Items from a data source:
* * * * *

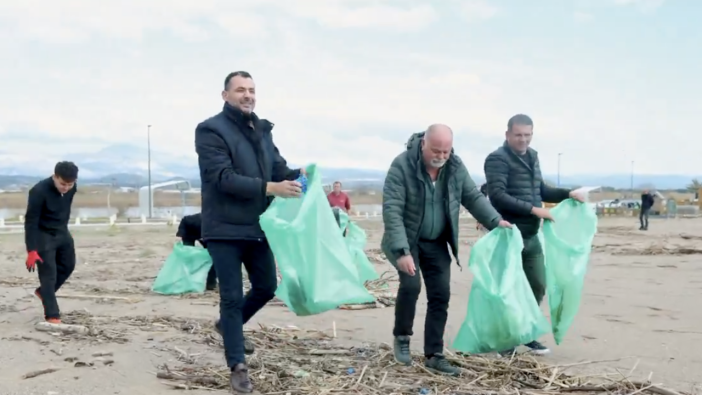 Manavgat Kıyılarına Atık Kabusu Çöktü: Çevre Dostları Seferber Oldu!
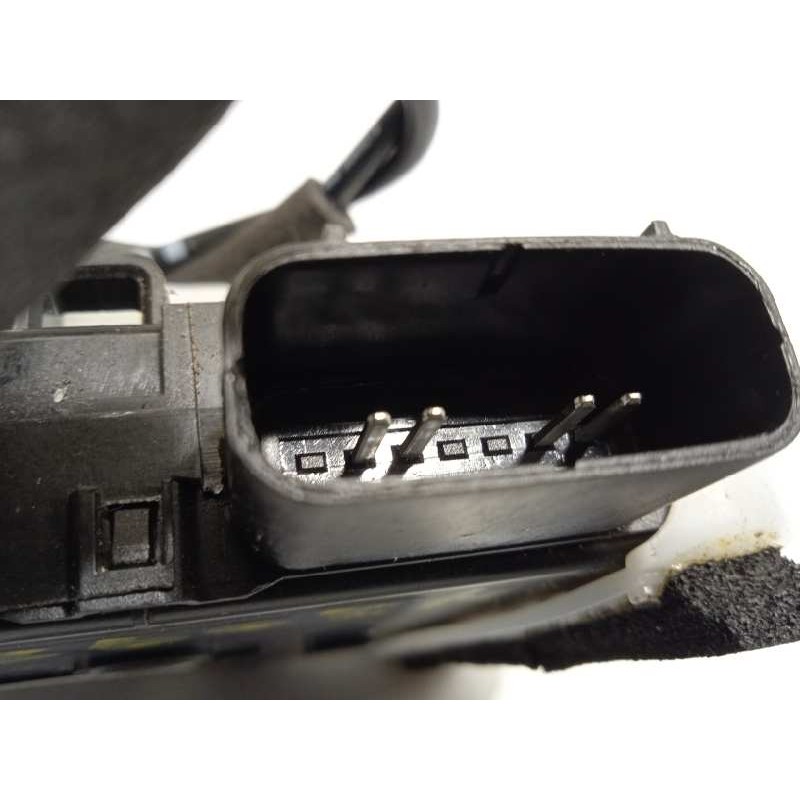 Recambio de cerradura puerta trasera derecha para hyundai ix35 style awd referencia OEM IAM 814202Y010  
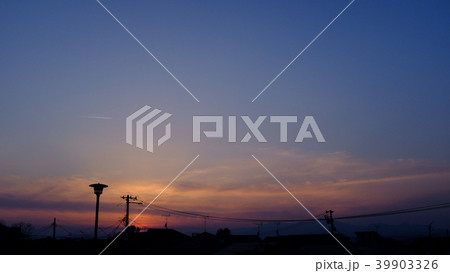 夕暮れに飛行機雲 夕暮れに飛行機雲 39903326
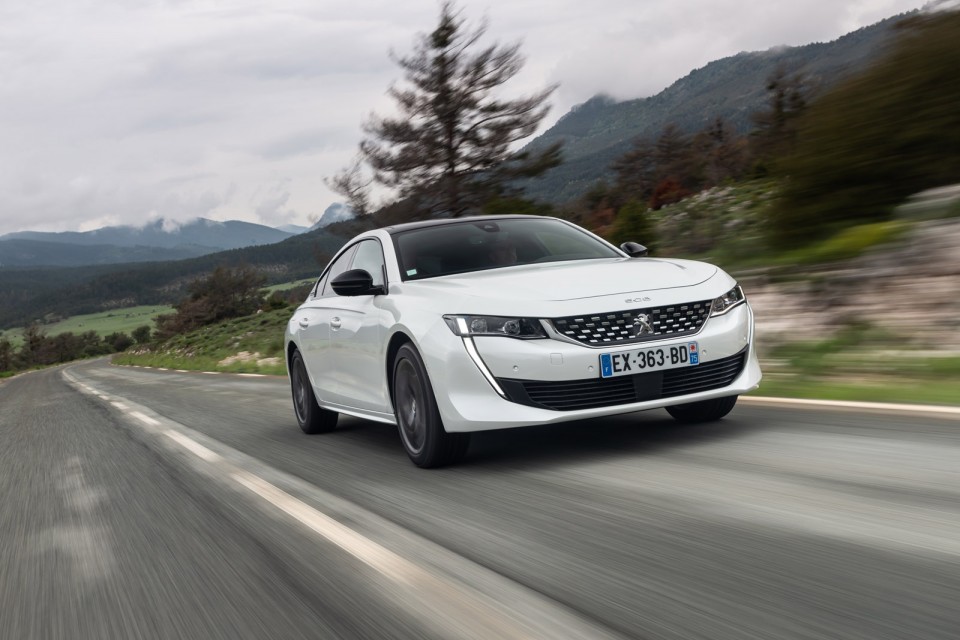 Photo officielle Peugeot 508 GT Line Blanc Nacré - Essais press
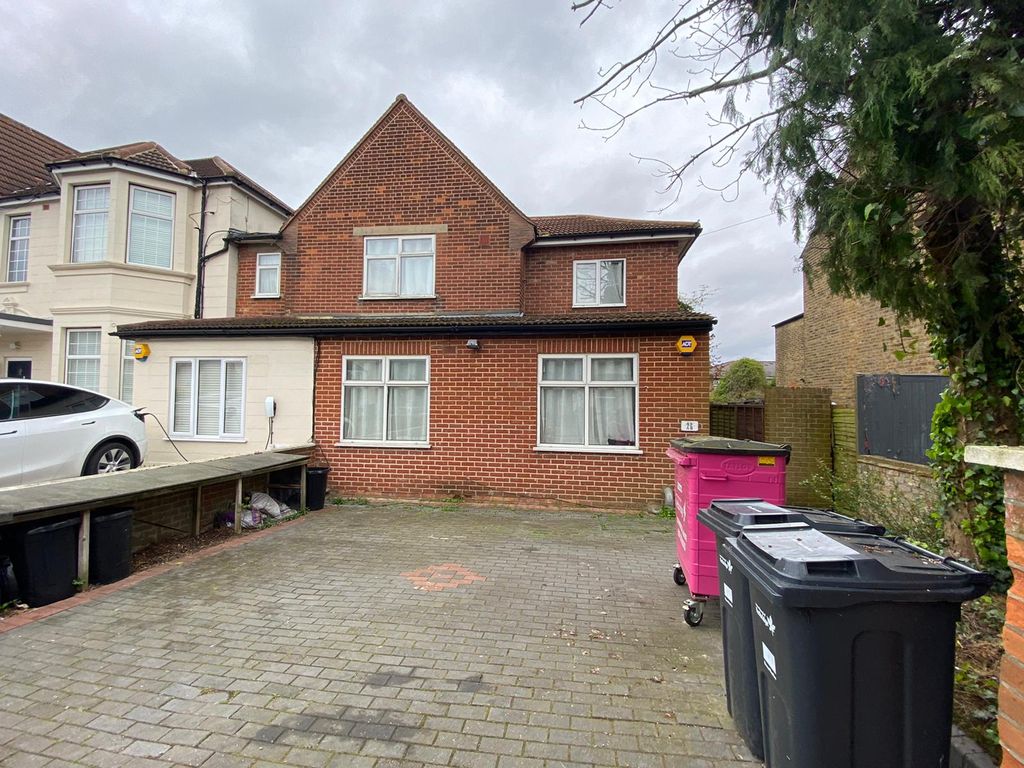 Property photo 1 of 7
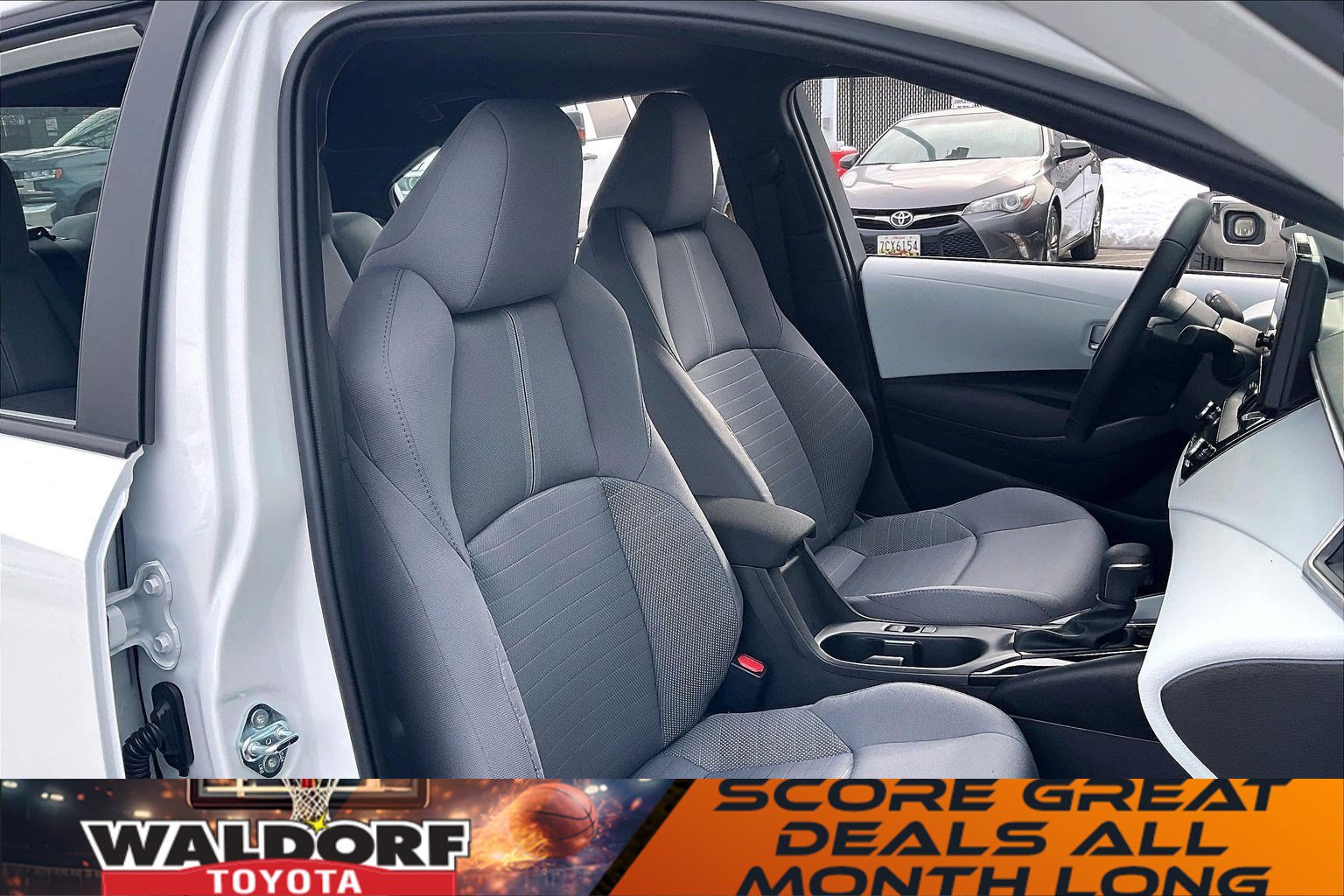 Used 2026 Toyota Corolla SE image 9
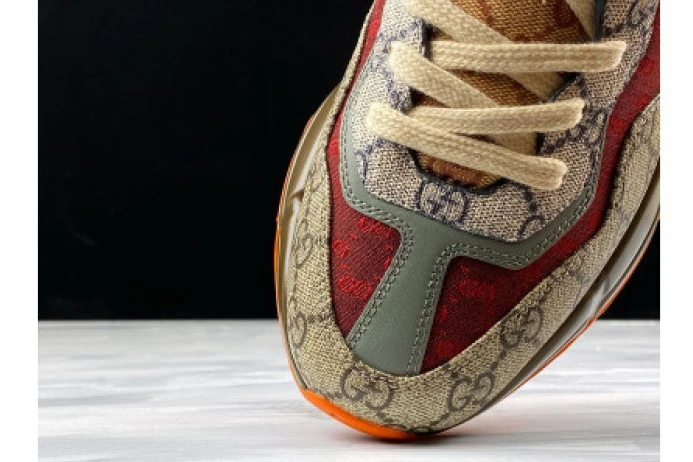 WellDesigned GUCC RHYTON VINTAGE TRAINER SNEAKER 620185 99WG0 2898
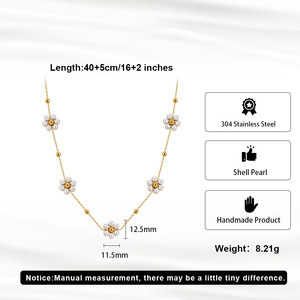 Ensemble collier et boucles d'oreilles en forme de fleur, imitation perle, pour femmes, plaqué or, ensembles de bijoux romantiques, bijoux de fête, bijoux tendance - Product Image 2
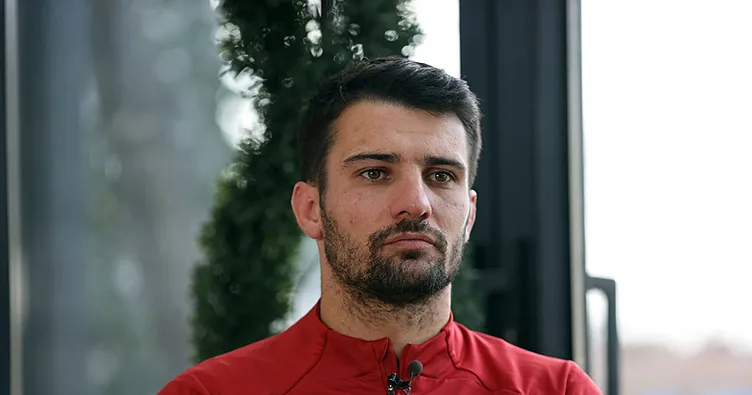 Leo Dubois futbolu bıraktı!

* * * * *

Exercise prompt:
Every entry should be repeated verbatim, with the pictures left out.

Written reply:
 Manavgat Kıyılarına Atık Kabusu Çöktü: Çevre Dostları Seferber Oldu!
 Recambio de cerradura puerta trasera derecha para hyundai ix35 style awd referencia OEM IAM 814202Y010  
 夕暮れに飛行機雲 夕暮れに飛行機雲 39903326
 Photo officielle Peugeot 508 GT Line Blanc Nacré - Essais press
 Property photo 1 of 7
 Used 2026 Toyota Corolla SE image 9
 WellDesigned GUCC RHYTON VINTAGE TRAINER SNEAKER 620185 99WG0 2898
 Ensemble collier et boucles d'oreilles en forme de fleur, imitation perle, pour femmes, plaqué or, ensembles de bijoux romantiques, bijoux de fête, bijoux tendance - Product Image 2
 Leo Dubois futbolu bıraktı!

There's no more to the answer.